As I mentioned, I used an ABU 6500 CT and my Fusion and then switched over and tried out the AFAW Beach rod that Tommy happened to have with him. What a FANTASTIC rod!!! Don't get me wrong, I swear by my Fusion, but this AFAW is one great rod!! It has all the backbone you would ever want, they're light and have a soft supple tip that would definitely help with bite detection. Bottom line.....After throwing it, *I WANT ONE!!!* Folks, these rods throw a *TON* and are *SCHWEEEET!!! *

Tommy, thanks again for your time, patience and expertise!!!


----------



## Cdog (Mar 18, 2002)

500', very impressive , congrats.


----------



## Tommy (Jan 24, 2001)

Milt,

The pleasure was mine



I saw in your first cast that little intangible ....

You HIT the rod. It was great to see you improve with almost every cast. To go from 322' to 503' in an hour and a half was very impressive. That is an increase of 64%

   

Just keep working on the fundamentals and you will see the numbers keep on rising. Be very careful here, casting can be as addictive as fishing in it's own right..... :fishing: 

I have been hearing a strange sound coming from the other room.

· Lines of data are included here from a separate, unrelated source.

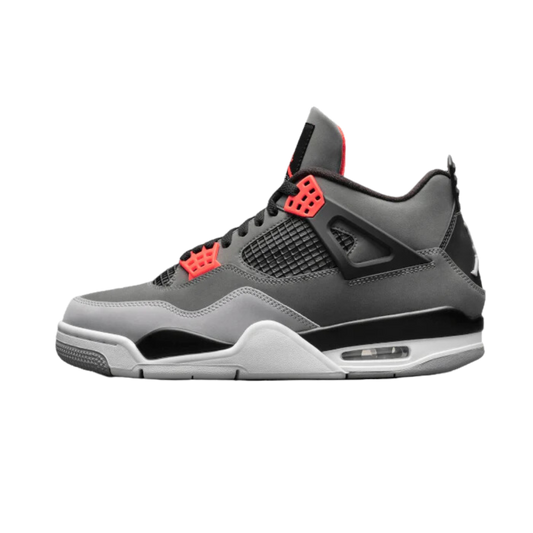 Air Jordan 4 Infrared limited sneakers,nieuwe sneakers,exclusive sneakers,exclusieve sneakers,jordan 4,sneakers limitées,jordan,sneakers jordan,jordans,jordans 4,Air jordan,Air Jordan 4,exclusive Jordans,sneaker authentique,authentieke sneakers,sneakers neuves,sneakers kopen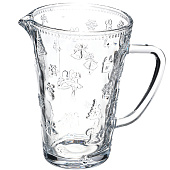 Кувшин "щелкунчик", 1000 мл 355-410 Кувшин "щелкунчик", 1000 мл 355-410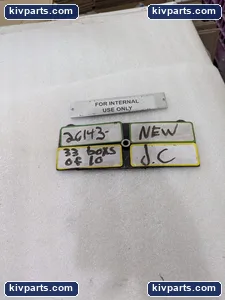 Littelfuse FLS-R 1 SLO BLO Time Delay Fuse – actual item, photo 7 of 7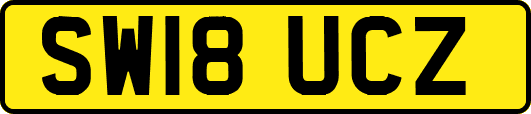 SW18UCZ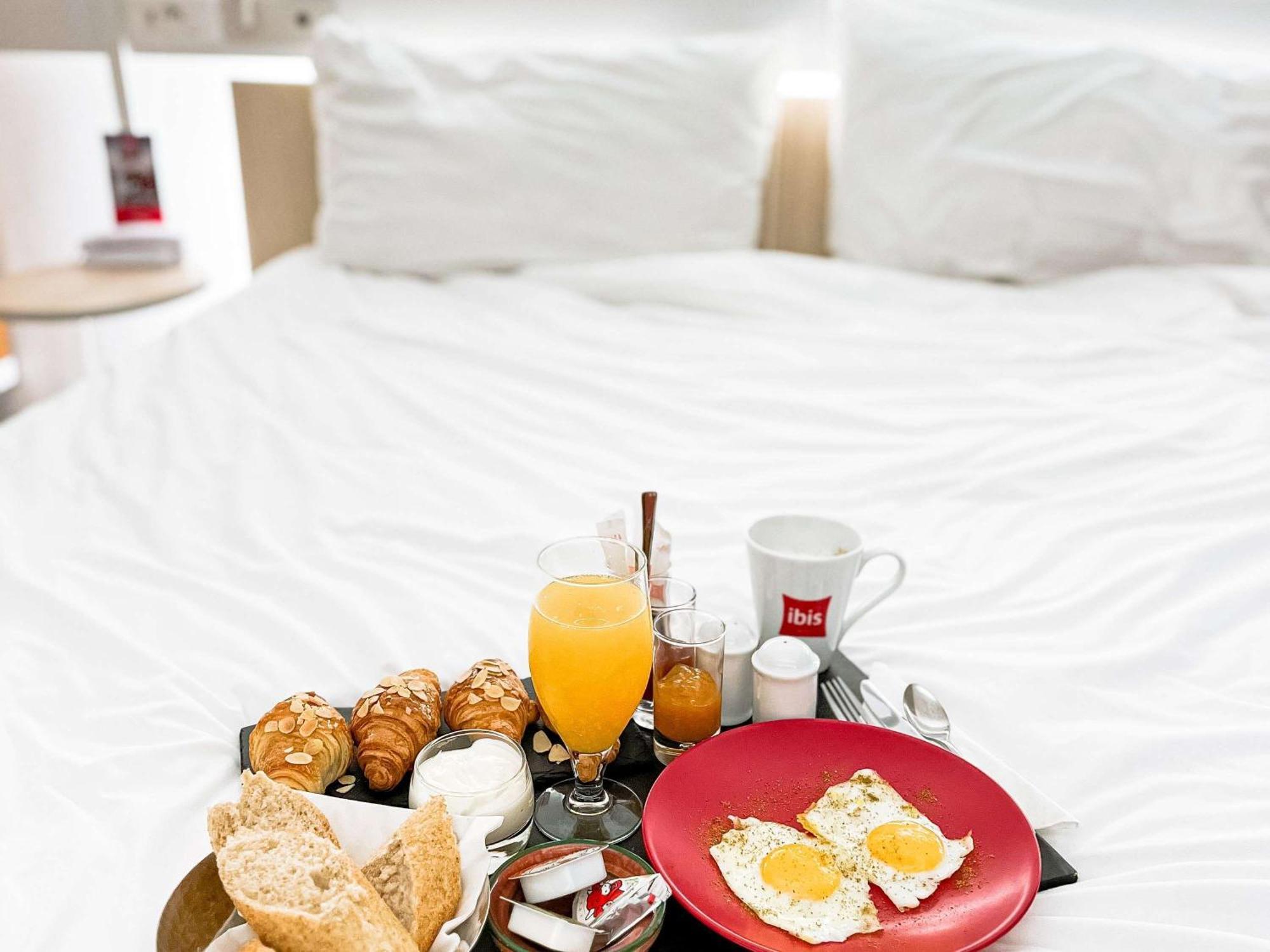 Hotel Ibis Abdelmoumen Casa Centre Casablanca Exteriér fotografie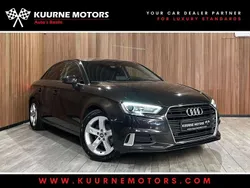 Brun Utilisé 2016 Audi A3 Sport Berline | 13 500 € (Bon prix)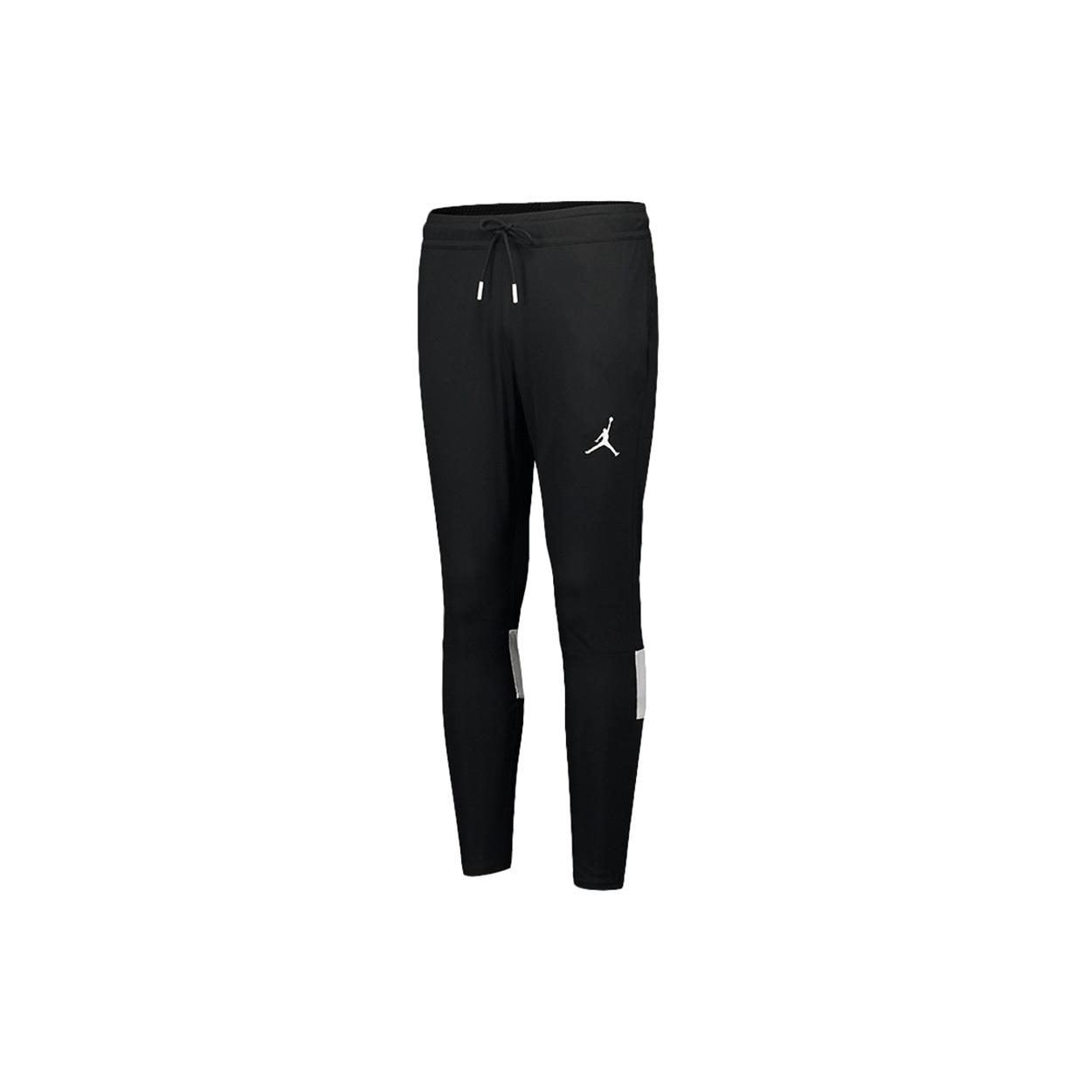 Jordan Knitted Sweatpants Men s Black CZ4791-010 S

Thought it might be a ghost (ooops wrong thread lol) but finally figured out it was that last AFAW Beach calling out.....

Milt, Milt, Milt

I thouroughly enjoyed meeting and casting with you.

Tommy


----------



## CrawFish (Sep 23, 2003)

Good job bud.. keep it up.. you're already passing Al like 100 ft. Congrats on your PB.


----------



## EugeneChoe (Aug 11, 2006)

go milt go!! one day ill get over 100 feet


----------



## AL_N_VB (Apr 3, 2002)

> I have been hearing a strange sound coming from the other room. Thought it might be a ghost (ooops wrong thread lol) but finally figured out it was that last AFAW Beach calling out.....
> 
> Milt, Milt, Milt


LMAO!!!

Do it Milt! Lemme know if you wanna hear more on the other AFAW deal.




> you're already passing Al like 100 ft


keep it up Crawdaddy- I'll be washing all them wheels this upcoming fall/winter .....


Congrats Milt! Who woulda thought you could cast a Greek 503'?


----------



## Fishbreath (Nov 11, 2004)

Tommy said:


> Milt,
> 
> The pleasure was mine
> 
> ...


Tommy, the pleasure was all mine and so was the shock of throwing 503'.  You're right, casting is a blast, I can see how it is very addictive. 

Funny, I keep hearing that same sound here.... 



Nserch4Drum said:


> LMAO!!!
> 
> Congrats Milt! Who woulda thought you could cast a Greek 503'?


LOL...Al, only you buddy, only you....I thought I saw a sheep out there   

Thanks for the encouragement guys!!


----------



## HuskyMD (May 19, 2000)

Was that a nice little green abu 6500 CT (mag elite)? You know the one...Please do not say yes...


----------



## Fishbreath (Nov 11, 2004)

HuskyMD said:


> Was that a nice little green abu 6500 CT (mag elite)? You know the one...Please do not say yes...


heh heh heh...I'm not saying a word....


----------



## Kwesi W. (Apr 14, 2006)

*I can't wait..*

Tommy, when I recieve my package from Ron I'll be contacting you...


----------



## Tommy (Jan 24, 2001)

kmw21230 said:


> Tommy, when I recieve my package from Ron I'll be contacting you...


Let me know and we'll set a date.

Tommy


----------



## wdbrand (May 24, 2007)

*Not a heaver by any means.*

But with with a new 5.3:1, and having to mag it, I started slow. Pulled a mag and did it all over. Down to 1- 1/4" mag and that's where she'll stay. Started at around 70/75 yards, slow and easy like. Then as the reel got looser, I'd let it out a little more. Around 100/110 yards before my back got to bothering me. But, that was probably the best I would have gotten anyway due to two things: #1- A 11" rod ain't gonna do but so much. #2- But the most important thing was this: I am probably repeating the same technique over and over and all the bad habits that goes with it. Don't thing any body can throw but so far, even if they chunk for 6 months, as long as they throw by themselves. Convinced that you gotta have someone watching you and see your mistakes. wdbrand.


----------



## Fishbreath (Nov 11, 2004)

*Tommy*

I got the dvd today. I can't wait to get home and review. Thanks again!!


----------



## Tommy (Jan 24, 2001)

I'm glad it arrived safe and sound.

A couple of observations from the footage,

As the lesson progressed your left arm extension went from almost non existant to excellent. The effect of adding the left adds more power to the cast than most people realize. You became much more comfortable adding rotation and were still able to "hit" the rod at the end.

The only negative I saw and an area that you can work on is staying grounded during the cast. When you plant that left foot, PLANT IT. A little push back on the left when you plant it can help stop the forward momentum and allow you to maintain contact with the right foot. Also, think rotational energy, not forward. More hammer throw than baseball pitch.

Tommy


----------



## Fishbreath (Nov 11, 2004)

Thanks Tommy,  I'll take those observations to heart. I was also thinking about the step and plant of the left foot and working on that along with more pronounced extension and pull of the left arm. 

More rotation = gooood


----------



## HuskyMD (May 19, 2000)

well, if it was the reel I sold you, I'm glad it's finally getting used so that it can shine. I never casted it over 100 yards (that's as far as I cast...)


----------